§ EXERCISE MATERIAL:
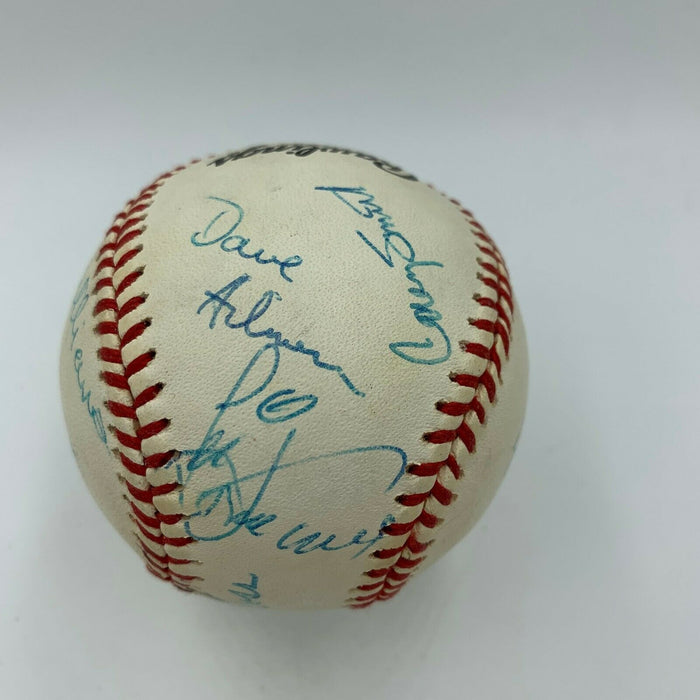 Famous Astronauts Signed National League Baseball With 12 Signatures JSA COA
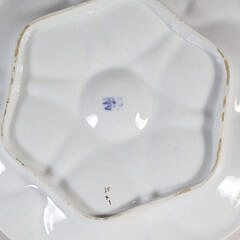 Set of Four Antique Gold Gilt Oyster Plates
---
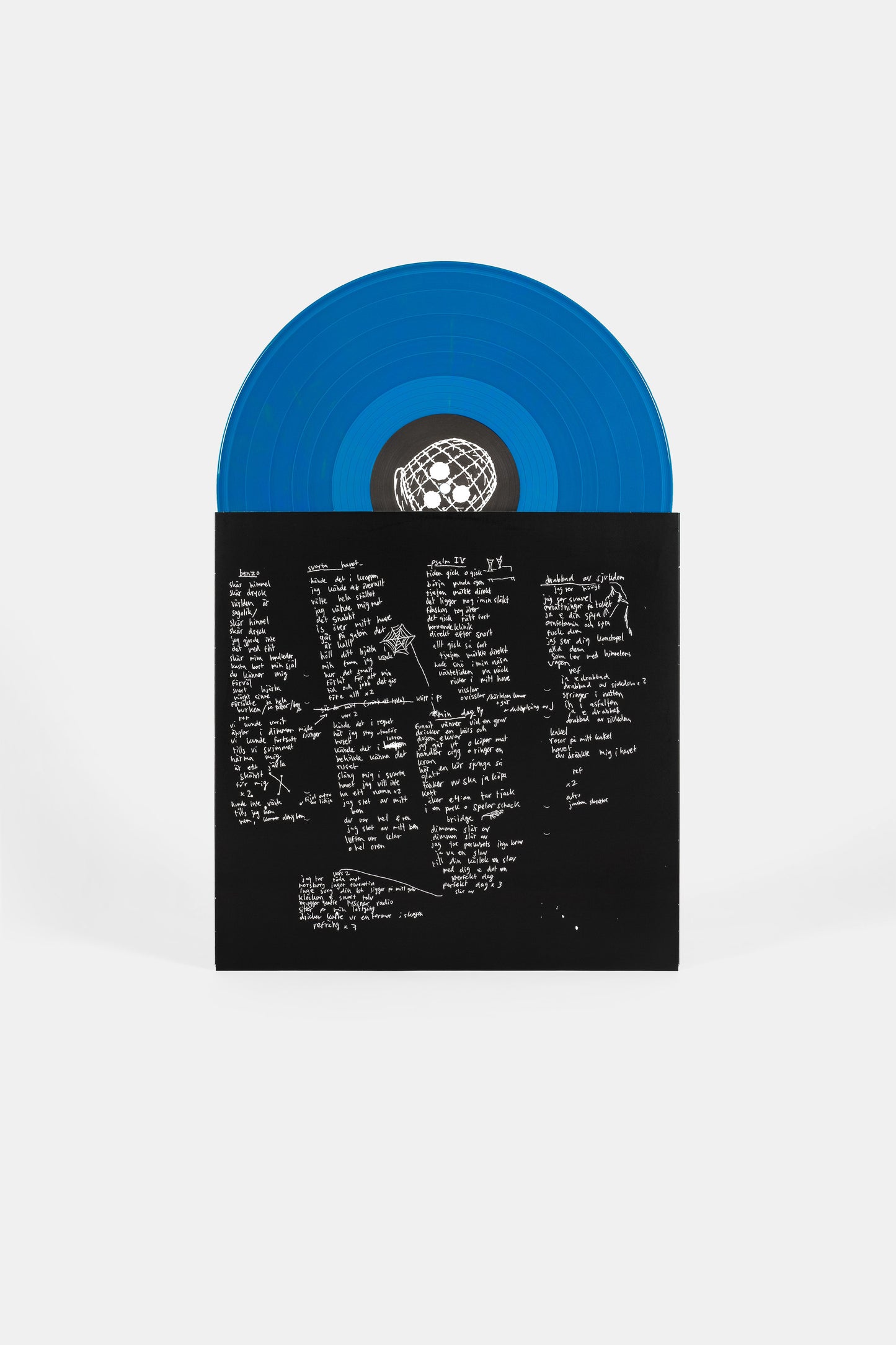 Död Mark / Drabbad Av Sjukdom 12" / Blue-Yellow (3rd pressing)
* * *
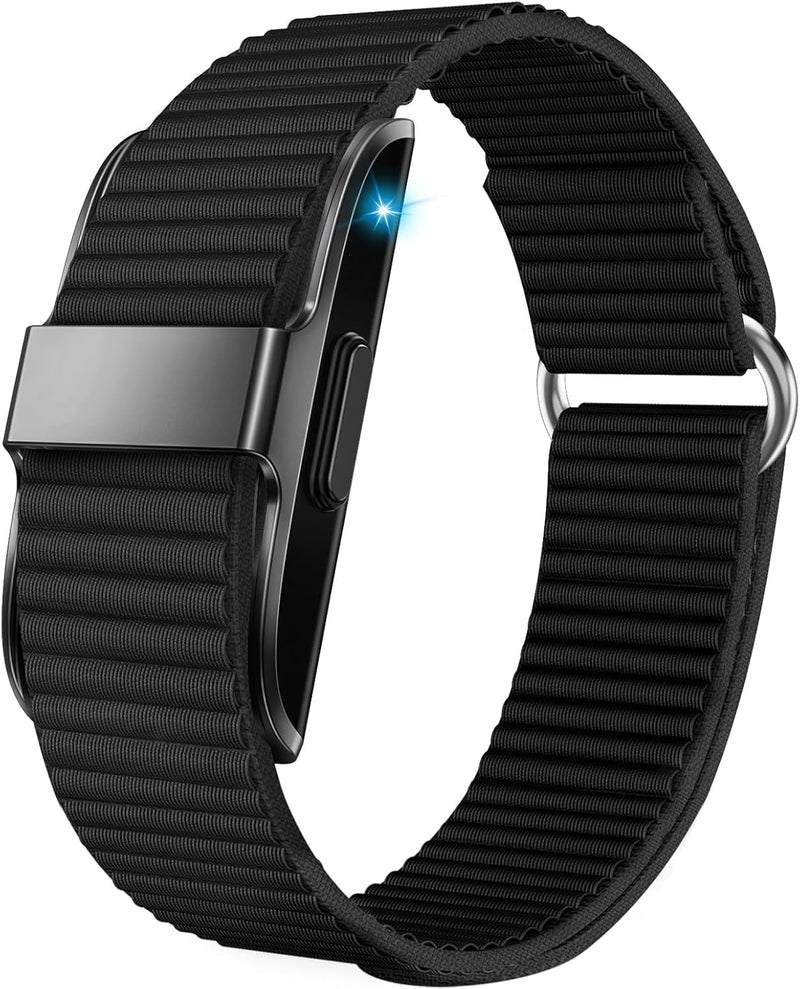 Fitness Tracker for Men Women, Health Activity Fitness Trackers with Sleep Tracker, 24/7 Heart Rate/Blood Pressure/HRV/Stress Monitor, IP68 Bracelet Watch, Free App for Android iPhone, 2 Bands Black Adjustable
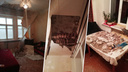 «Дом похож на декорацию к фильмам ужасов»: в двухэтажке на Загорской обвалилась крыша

§ TASK TO COMPLETE: Though the entries above contain pictures, none should be copied; reproduce only the lines between the one holding "Famous Astronauts Signed" and the one holding "Set of Four Antique Gold Gilt Oyster Plates", inclusive, exactly as written.

§ SOLUTION TO THE EXERCISE:
 Famous Astronauts Signed National League Baseball With 12 Signatures JSA COA
 Set of Four Antique Gold Gilt Oyster Plates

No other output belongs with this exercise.